Un peu plus loin sur la route, devenue caillouteuse, il faut faire attention où poser le pied, tenter d’éviter flaques et nids-de-poule. Soudain, une zébrure rousse déboule du talus à la perpendiculaire, prend la fuite devant moi, stoppe, jette un œil en arrière et repart droit dans le talus. Cela a pris à peine trois secondes. Une fouine, probablement. Mais j’ai un doute. Ce ne devait pas être un furet, mais peut-être une belette ? J’ai à peine eu le temps de voir son plastron, blanc m’a t-il semblé, avant que la bestiole ne disparaisse. La question restera donc en suspens, question ouverte sans attendre de réponse autre que le vent frais qui commence à se lever. Demain matin, d’ailleurs, il neigera assez fort.

 

 

C’est le bruit du vent, sans doute, qui m’a distrait de celui de la voiture arrivant droit devant. Je me range calmement, la bagnole me frôle à une vitesse anormale. J’ai eu le temps de voir les yeux du conducteur qui me fixaient comme une cible qu’il aurait ratée. Incompréhensible hargne, parfois, à l’égard du piéton, et plus généralement de tout ce qui ne le concerne pas, peut-être aussi d’ailleurs à son propre endroit.

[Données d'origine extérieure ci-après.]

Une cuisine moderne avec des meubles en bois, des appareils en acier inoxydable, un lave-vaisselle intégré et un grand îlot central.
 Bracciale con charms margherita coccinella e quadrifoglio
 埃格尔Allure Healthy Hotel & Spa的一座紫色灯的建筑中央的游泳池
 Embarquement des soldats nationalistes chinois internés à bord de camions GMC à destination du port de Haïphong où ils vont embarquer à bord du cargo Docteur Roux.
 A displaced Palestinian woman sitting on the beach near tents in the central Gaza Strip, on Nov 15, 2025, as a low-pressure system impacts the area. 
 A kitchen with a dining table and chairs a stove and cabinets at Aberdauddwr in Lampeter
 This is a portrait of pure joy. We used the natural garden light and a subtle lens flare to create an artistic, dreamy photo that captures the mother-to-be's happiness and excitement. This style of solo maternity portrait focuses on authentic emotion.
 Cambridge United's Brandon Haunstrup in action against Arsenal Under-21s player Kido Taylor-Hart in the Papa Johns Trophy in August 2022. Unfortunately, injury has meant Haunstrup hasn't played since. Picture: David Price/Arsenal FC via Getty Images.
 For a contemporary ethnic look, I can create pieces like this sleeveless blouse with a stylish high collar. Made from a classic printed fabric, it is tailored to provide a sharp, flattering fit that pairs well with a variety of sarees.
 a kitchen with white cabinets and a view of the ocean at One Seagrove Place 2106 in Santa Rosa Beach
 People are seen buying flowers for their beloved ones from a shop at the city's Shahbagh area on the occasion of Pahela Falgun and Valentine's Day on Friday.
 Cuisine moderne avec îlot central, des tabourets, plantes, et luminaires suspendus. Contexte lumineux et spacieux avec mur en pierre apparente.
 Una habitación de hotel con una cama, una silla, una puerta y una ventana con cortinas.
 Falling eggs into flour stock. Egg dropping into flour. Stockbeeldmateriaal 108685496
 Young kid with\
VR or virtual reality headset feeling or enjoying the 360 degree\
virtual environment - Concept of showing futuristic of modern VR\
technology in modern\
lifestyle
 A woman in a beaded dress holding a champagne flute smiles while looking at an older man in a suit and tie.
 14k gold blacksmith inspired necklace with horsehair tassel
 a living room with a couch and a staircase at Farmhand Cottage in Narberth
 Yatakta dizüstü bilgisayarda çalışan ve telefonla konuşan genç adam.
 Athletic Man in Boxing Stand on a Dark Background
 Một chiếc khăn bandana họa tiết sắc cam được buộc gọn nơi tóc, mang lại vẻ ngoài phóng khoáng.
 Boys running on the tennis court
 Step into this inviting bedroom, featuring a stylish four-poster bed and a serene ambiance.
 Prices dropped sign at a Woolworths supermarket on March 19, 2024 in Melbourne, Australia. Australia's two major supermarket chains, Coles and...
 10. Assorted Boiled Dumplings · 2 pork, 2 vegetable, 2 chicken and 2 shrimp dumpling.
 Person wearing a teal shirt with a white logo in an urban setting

J’avais déjà croisé ce genre d’animal (je veux dire, la fouine, ou la belette) en ville, et cette fois j’étais en voiture. Il sortait de dessous un portail mitoyen du trottoir. En l’occurrence, ce devait être un furet. Par précaution j’avais freiné, ce qui avait provoqué l’ire de la conductrice qui me collait à deux mètres derrière. Coup de klaxon rageur dans le rétroviseur (je vois ses lèvres se déformer, son front se plisser, elle jure). L’animal continue sur sa lancée tandis qu’une voiture de la gendarmerie arrive en face et un peu trop vite. Catastrophe évitée de justesse, le furet — virgule de rouille — effectuant un demi-tour éclair à 20 cm de la roue militaire. Regard suspicieux du conducteur en képi, celui-ci n’ayant rien vu de ce qui se passait, et devant s’étonner de me voir arrêté au milieu de la rue, tandis que la passagère arrière — peut-être avait-elle aperçu la manœuvre de la bestiole sur l’asphalte, compris plus vite que son gradé l’enjeu de la situation — offrait un visage souriant et apparemment rassuré. J’étais heureux, non seulement d’avoir permis la fuite de l’animal, mais aussi d’avoir absorbé, dans le temps qu’il faut à une virgule de rouille pour se retourner, les trois visages contigus de la haine, du reproche et de la sympathie.

 

 

Cependant sur la plaine imbibée, pas un bruit. La plupart des routes sont coupées en un point inférieur inondé par la crue. À l’approche du fleuve, le silence s’accentue. C’est le vent, sans doute, qui n’a plus, pour jouer, sa prise habituelle sur les herbes, les arbustes, Seules les lignes téléphoniques claquent et chantonnent. Les chevaux du manège se sont rassemblés comme ceux d’une armée. Le fleuve élargi, indépassable, a repris son antique rôle de frontière. La plaine, au delà de Villeroy, semble déjà lointaine, dangereuse. On pourrait voir apparaître des cruelles moustaches à l’endroit même où est enterré, parmi d’autres, Charles Péguy avec une balle dans la tête.

 

 

Le silence s’intensifie. La puissance du fleuve augmenté, supérieure à celle de dix mille voitures, n’est pas plus bruyante qu’un roulement à billes. Drôle d’ironie, la piscine abandonnée est entourée par les eaux. La plupart des gens ont désormais quitté les lieux, il est possible d’entendre ça et là le ronronnement d’un groupe électrogène, mais c’est surtout le blop, ou le glub, d’un petit poisson qui rythme le pas du promeneur. D’ailleurs, où sont passés les pêcheurs de carpe, les harponneurs de silure ? Les débris de leurs sites, noyés sous plusieurs mètres d’eau, vont-ils à terme, lorsque la mer aura définitivement pris la mesure des estuaires, rejoindre le collectif industrieux des hommes du Magdalénien ?

 

 

C’est l’heure du retour pour les amis parisiens. Le chemin de fer (il enjambe la Marne deux kilomètres plus loin) n’a pas d’équivalent pour scander les images, par quoi tout est dit, mélangé et effacé dans la minute ou le siècle qui suit.